“OK, children, does anyone have a question?” the TV show’s host, Jannik Schow, asked. Only a few in the audience of 11 to 13-year-olds raised their hands. “Remember, you can’t do anything wrong,” he said. “There are no bad questions.”
You can’t blame the children if their thoughts were elsewhere. On a stage before them in a heated studio in Copenhagen stood five adults in bathrobes. There was a brief moment of silence, as faces turned serious. Having discussed it for days before in school, the children knew what was coming next. Schow gave a little nod, and the adults cast off their robes.
Facing the children, and the cameras, they stood completely naked, like statues, with their hands and arms folded behind their backs.
And so began a recording of the latest episode of an award-winning Danish children’s programme, Ultra Strips Down, which is shown on Ultra, the on-demand children’s channel of the national broadcaster, DR The topic today: skin and hair.
The show’s producers say the programme is meant as an educational tool to fight body shaming and encourage body positivity.
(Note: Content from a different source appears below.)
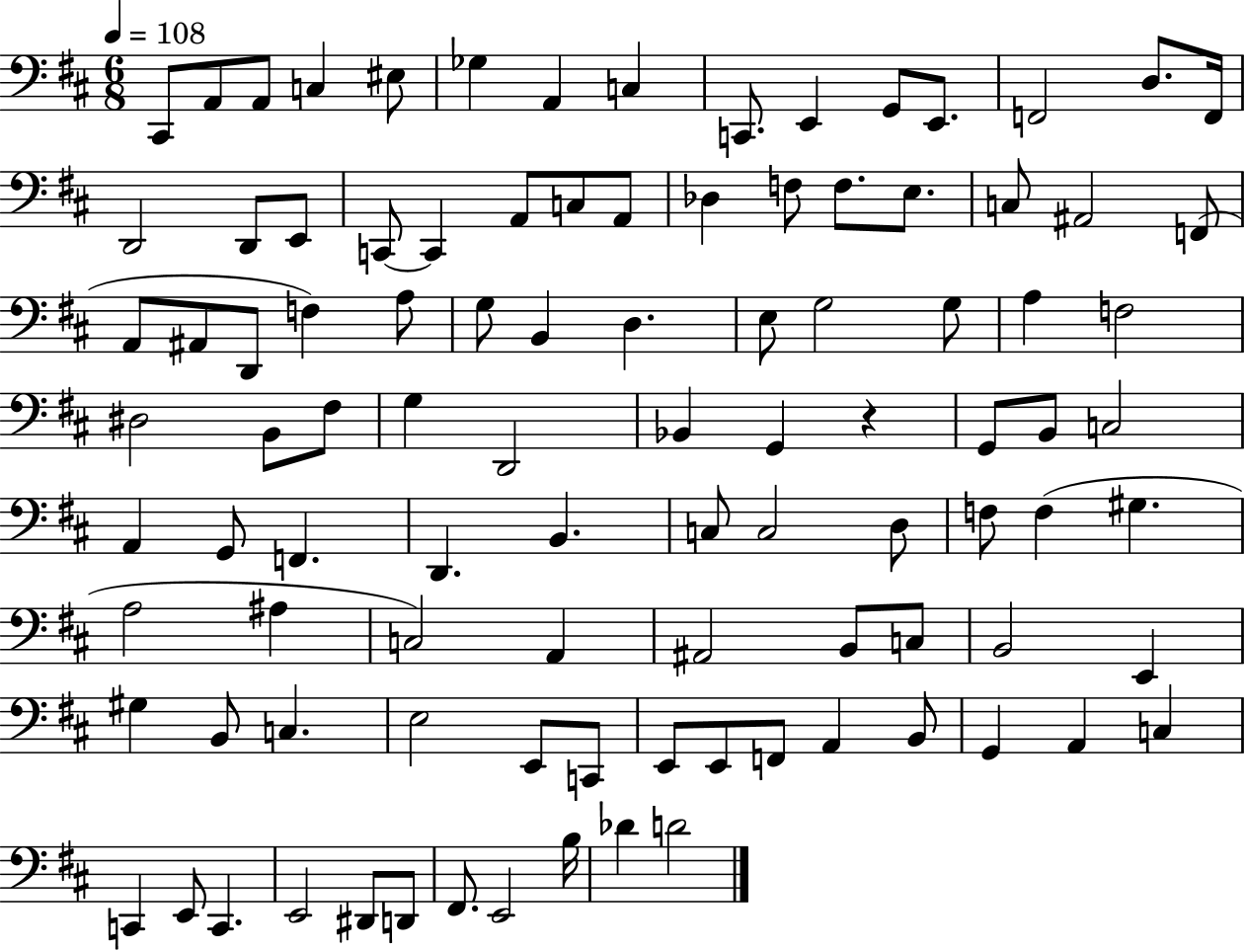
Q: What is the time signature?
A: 6/8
And so first reluctantly, later enthusiastically, the children from the Orestad School in Copenhagen asked the adults questions like: “At what age did you grow hair on the lower part of your body?” “Do you consider removing your tattoos?” “Are you pleased with your private parts?”
One of the adults, Martin, answered that he had never had “negative thoughts” about his private parts. Another adult, also named Martin, admitted that when he was young he had worried about size. “But the relationship with myself has changed over time,” he said. With serious looks on their faces, the children nodded.
Schow, 29, who helped develop the concept of the show after a producer came up with the idea, said the point was also to counter the daily bombardment of young people with images of perfect — unrealistic — bodies. The adults are not actors, but volunteers.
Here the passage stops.